Истина скандальна. Но без нее ничего не выйдет. Наивная и честная картина мира - уже шедевр. В свете этого требования оригинальность мало что значит. Не заботьтесь о ней. В любом случае оригинальность неизбежно проявится через сумму ваших недостатков. А ваше дело - просто говорить правду, вот и все.
Невозможно любить одновременно правду и наш мир. Но вы уже сделали выбор. Теперь проблема в том, чтобы от него не отступать. Призываю вас не сдаваться. Не потому, что вам есть на что надеяться, нет. Наоборот, предупреждаю: вы будете очень одиноки. Люди, как правило, приспосабливаются к жизни, иначе они умирают. Вы - живые самоубийцы.
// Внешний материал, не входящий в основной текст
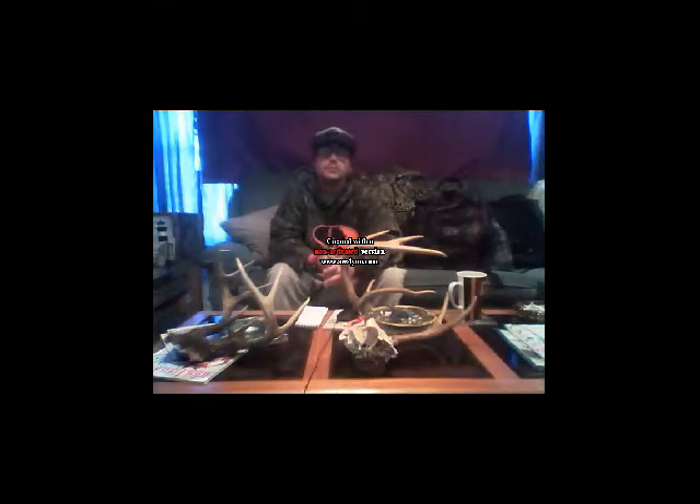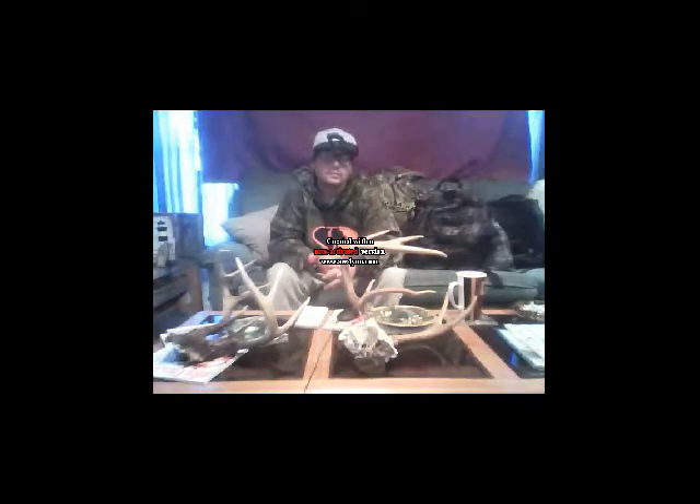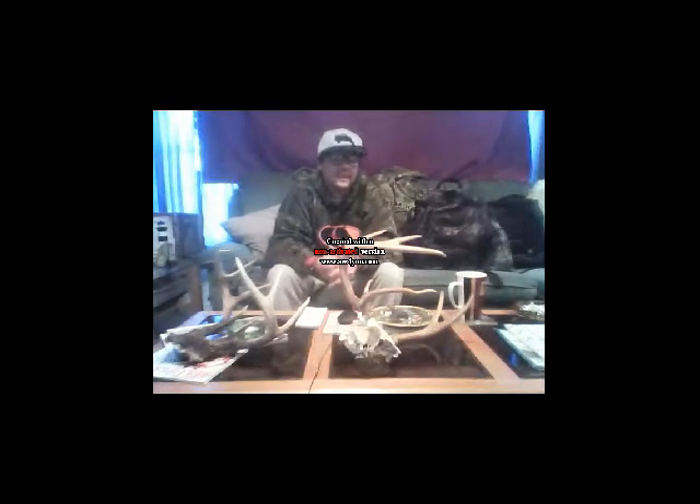This is DP with DP Outdoors. I'm here with you today to talk about the spine of an arrow and the weight of an arrow. What is an arrow spine? There are two types of arrow spine: static and dynamic.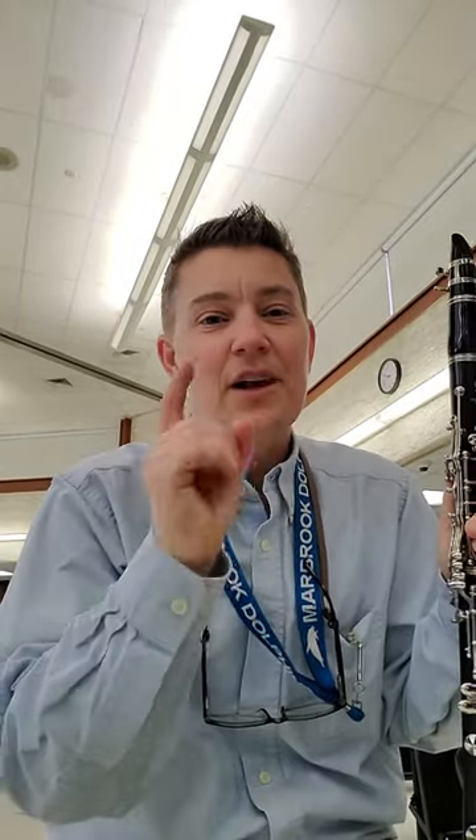Hey there clarinet players, Mrs. Tashmorelli here with a warm-up exercise for you called walk downs.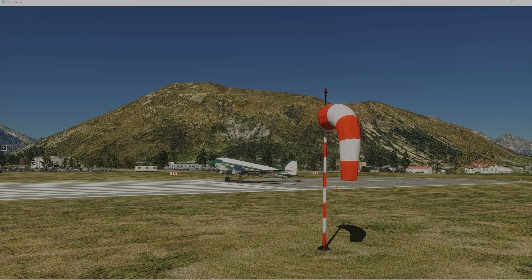Alright, here we are sitting at Queenstown, New Zealand, sitting on runway number 5. Going to do a little windsock test today to see how accurate the X-Plane 12 windsocks are. Here we are sitting with a no wind condition, and first thing we'll do is crank the wind up to 3 knots out of 90 degrees, which will be coming off our nose, and we'll see what the windsock looks like at that point.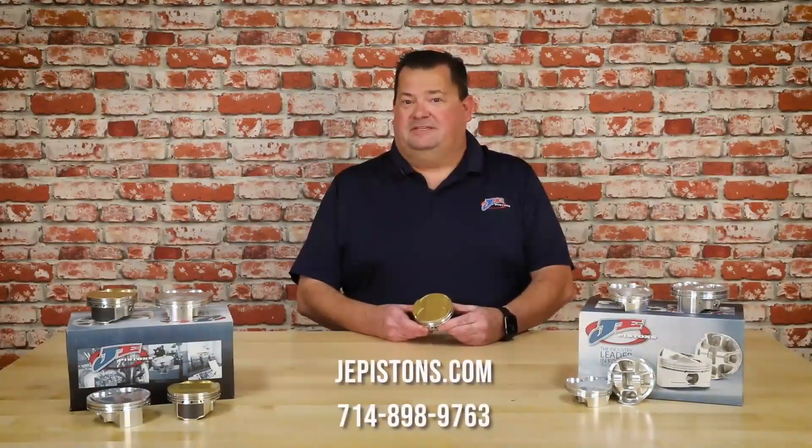To find out more information on the Ultra Series Pistons you can go to our website JEPistons.com or contact your local dealer.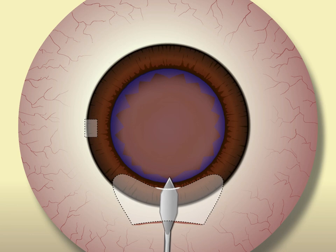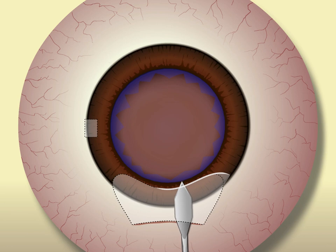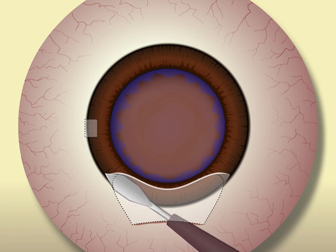After the anterior capsulotomy has been performed, the internal incision may then be opened fully with a keratome. To maintain the full extent of the internal corneal shelf, it is helpful to open the internal incision with forward strokes of the blade. If the incision is cut with downward strokes or in a saw-like fashion, it's much easier to lose the full extent of the corneal shelf that you've created.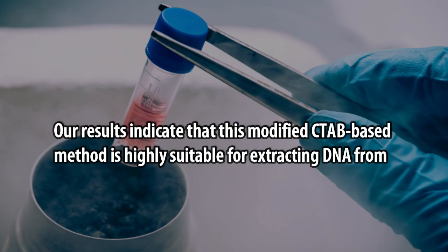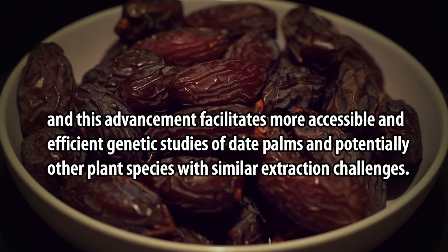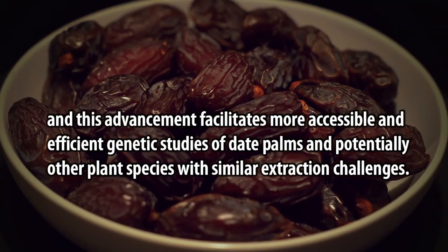Our results indicate that this modified CTAB-based method is highly suitable for extracting DNA from date palm tissues without the need for liquid nitrogen, providing a simplified and effective approach for molecular biology applications in date palm research. This advancement facilitates more accessible and efficient genetic studies of date palms and potentially other plant species with similar extraction challenges.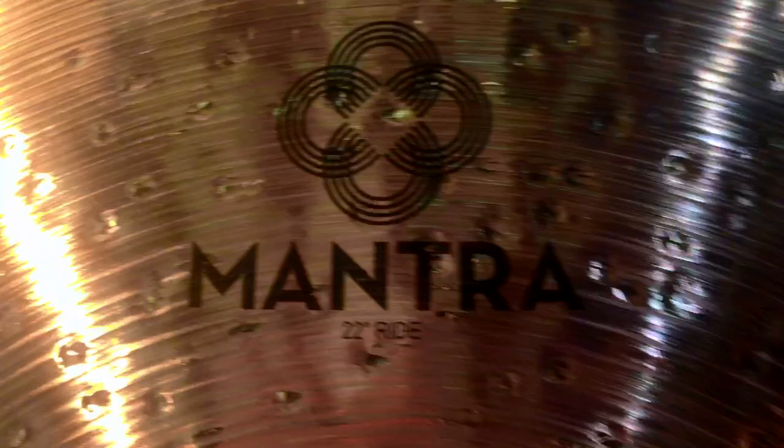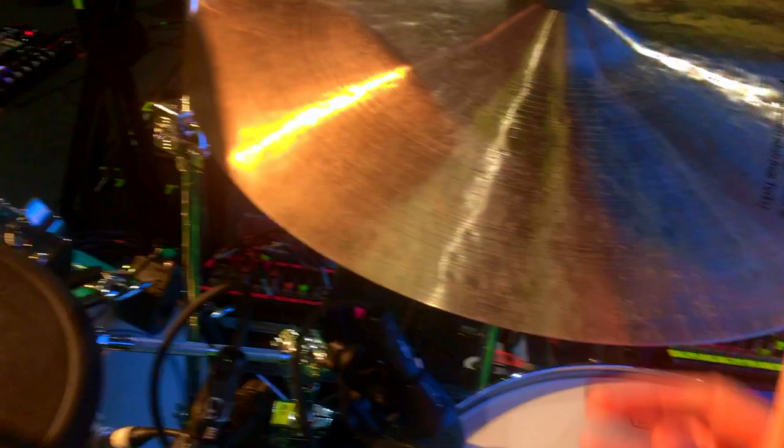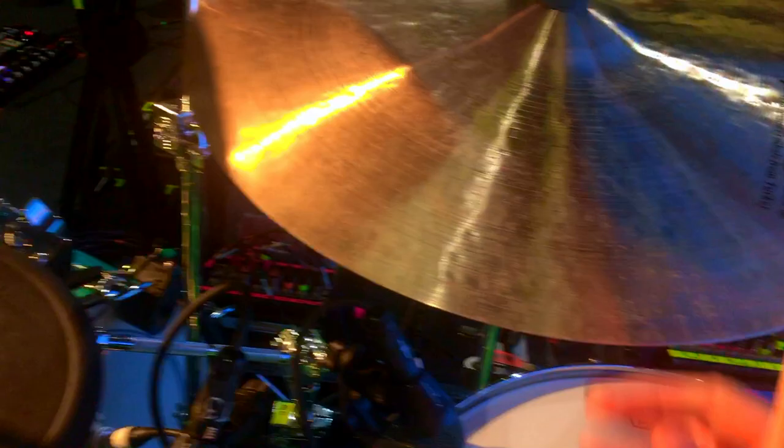Hi-hat. 22 dart crash. Mantra ride. 20 inch crash. And 21 inch hitter ride. And a china thing. And this one.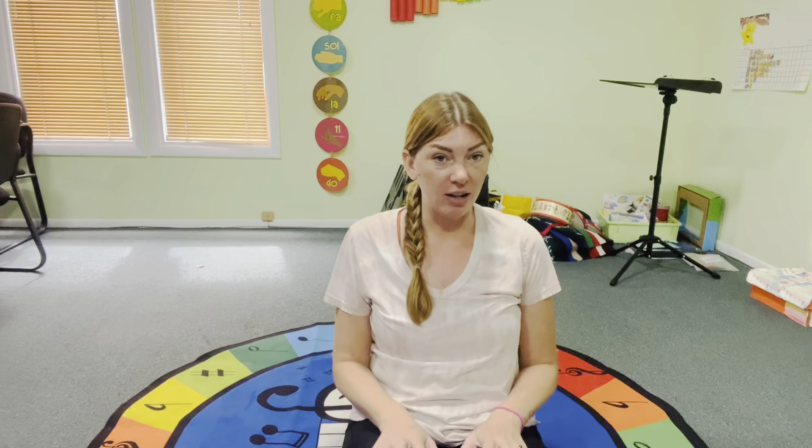So you're going to want to have your little one sitting on your lap and we're going to start with rocking forwards and backwards.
По мере приближения к истине ваше одиночество будет все более и более полным. Прекрасный, но безлюдный дворец. Вы ходите по пустым залам, где эхом отдаются ваши шаги. Воздух чист и неподвижен, все вещи словно окаменели. Временами вы начинаете плакать, настолько четкость очертаний невыносима для глаз. Вам хотелось бы вернуться назад, в туман неведения, но в глубине души вы знаете, что уже поздно.
Продолжайте. Не бойтесь. Худшее позади. Конечно, жизнь еще потерзает вас, но вас с ней уже мало что связывает. Помните: вы, в сущности, уже умерли. Теперь вы один на один с вечностью.
Погоня за счастьем
Гипермаркет, ноябрьЯ плюхнулся сперва в прилавок морозильный;Расплакался, струхнул, конечно, но не сильно.Мне кто-то пробурчал, что от меня разит;Я двинулся вперед, приняв нормальный вид.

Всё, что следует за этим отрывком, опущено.